Enough of the introduction, now let me tell you why I am dedicating a column to this innocuous receptacle.

It was my usual weekend visit to a popular restobar in Dubai that offered a throwback to the kindi days. I don’t know when the kindi's service was made available in this particular dining place which I knew from the 1990s. Maybe, it’s a recent marketing fixture after the joint was renovated. The designer must have dug into the etiquette and culinary habits of the elite class to elicit customer interest post Covid.

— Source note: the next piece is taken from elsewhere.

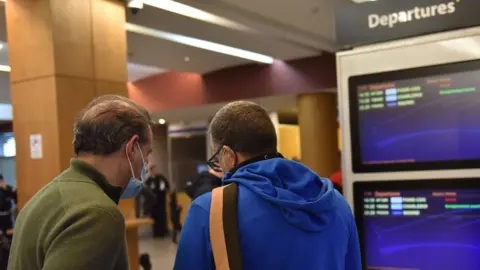 EPA Passengers check tickets at an airport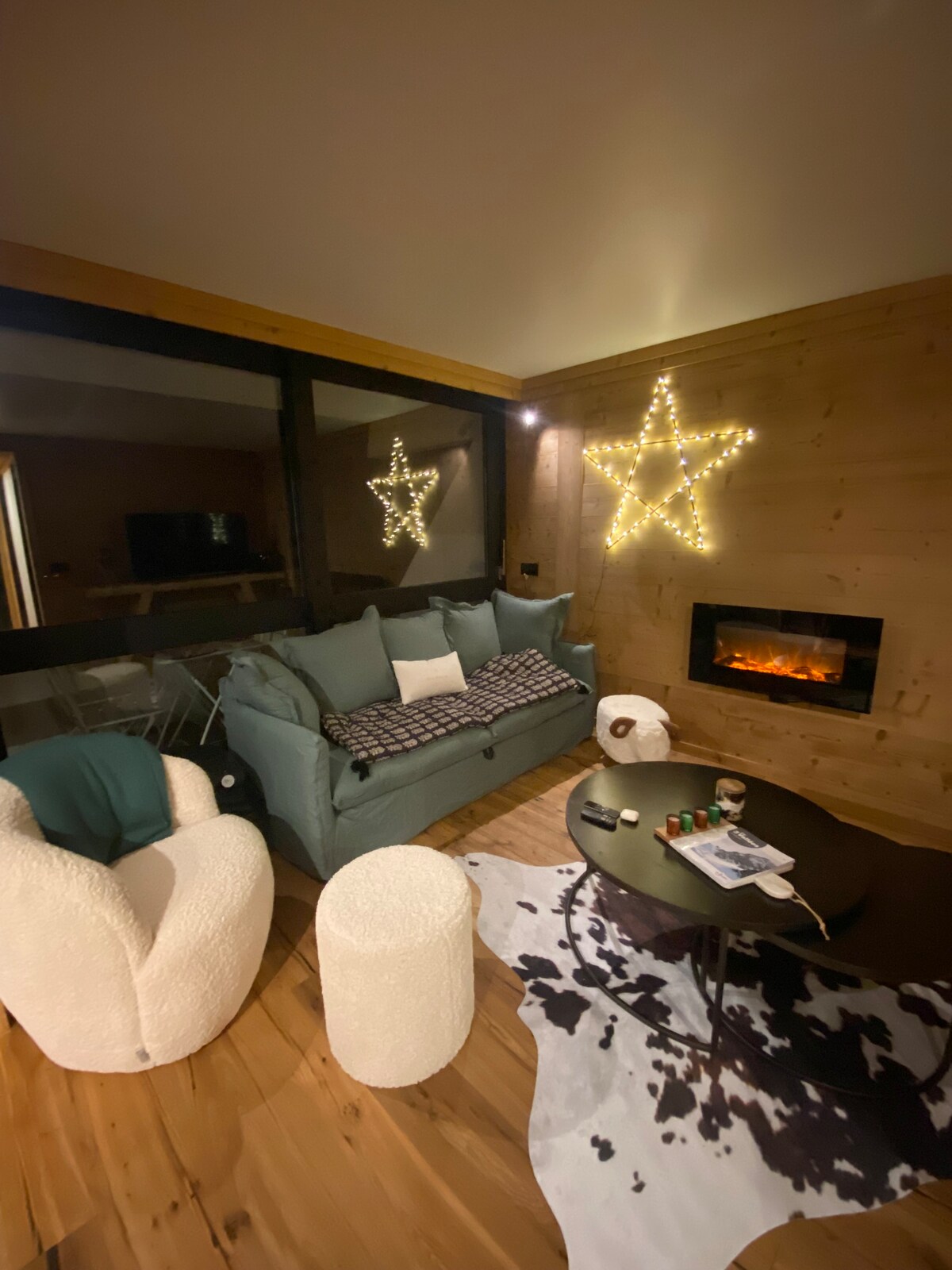 A comfortable living area features a plush sofa and cozy armchairs, illuminated by soft lighting. A decorative star made of lights is displayed on the wall, alongside an electric fireplace that adds warmth. A low coffee table showcases a few decorative items on a patterned rug.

The kindi service in this restaurant is an upgrade to the finger bowl, an upper-class culinary culture in the US, England and India in the early 20th century, though historians trace this dining element to the Middle Ages. While the finger bowl was introduced along with music in popular American dining places to attract rich clientele during Word War I, in the subcontinent, the maharajas and feudal landlords, who loved to imitate the Western way of life, took a plunge into the glass bowl full of lukewarm water with a lemon piece floating in it.

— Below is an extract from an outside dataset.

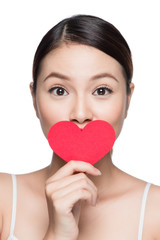 Attractive young woman with red heart. Valentine's day art portrait. Perfect make up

Anthropologist Meher Varma writes that the Americans discontinued the practice in 1910 to "minimise excess during wartime" but the culture stuck with the Indian elite and upscale restaurants.

I wasn't able to enjoy my much-craved weekend drink as waiters carried a large, ornated kindi and a bowl for the guests to wash their greasy hands. The same waiters who served your food were also carrying the portable washbasin from table to table. It's disgusting, to say the least. It reminded me of the feudal days in South India when servants would stand with a cuspidor while their masters chewed paan, or betel leaf. The only difference here is the guests did not eject their dirty saliva into the bowl that the waiter held precariously. The rest of the washing rituals were enacted unceremoniously while waiters squeezed past narrow aisles.

Let alone kindi, I can't even stand the sight of a table in the neighbourhood where a dozen members of a family simultaneously swished their fingers and squeezed the lemon pieces in tepid water. And the seven bowls full of murky water would stare at you until the waiter cleared them in their own sweet time. No, this certainly isn't a regal etiquette or aristocratic splendour but a massive splash of arrogance. A finger bowl cannot replace a roomy and hygienically maintained washroom.

The traditional kindi was never brought into the dining room. Its place was always outside — in the veranda or the porch. It was a self-service every guest was expected to perform outside the house. You don't wash your hands at the dining table in your own home, do you? A dining table at a restaurant is equally sanctified by courtesy. So, let's not bring the toilet to the dining hall. Cheers!